• _MATERIAL PROVIDED_
++++++++
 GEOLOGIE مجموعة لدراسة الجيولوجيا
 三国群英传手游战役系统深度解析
++++++++
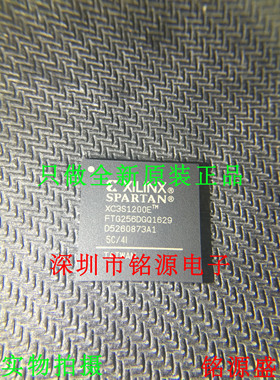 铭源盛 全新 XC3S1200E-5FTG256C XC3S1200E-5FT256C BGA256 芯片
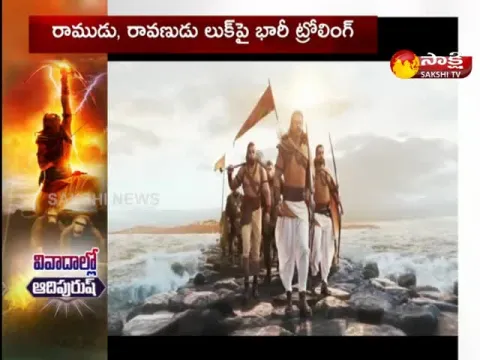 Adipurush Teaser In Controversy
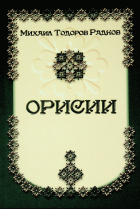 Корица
++++++++
• _TASK DIRECTIONS_
All lines above between those holding "GEOLOGIE مجموعة لدراسة الجيولوجيا" and "三国群英传手游战役系统深度解析", inclusive, must be set down unchanged, and no other line may be included.

• _OUTPUT FOR THIS EXERCISE_
 GEOLOGIE مجموعة لدراسة الجيولوجيا
 三国群英传手游战役系统深度解析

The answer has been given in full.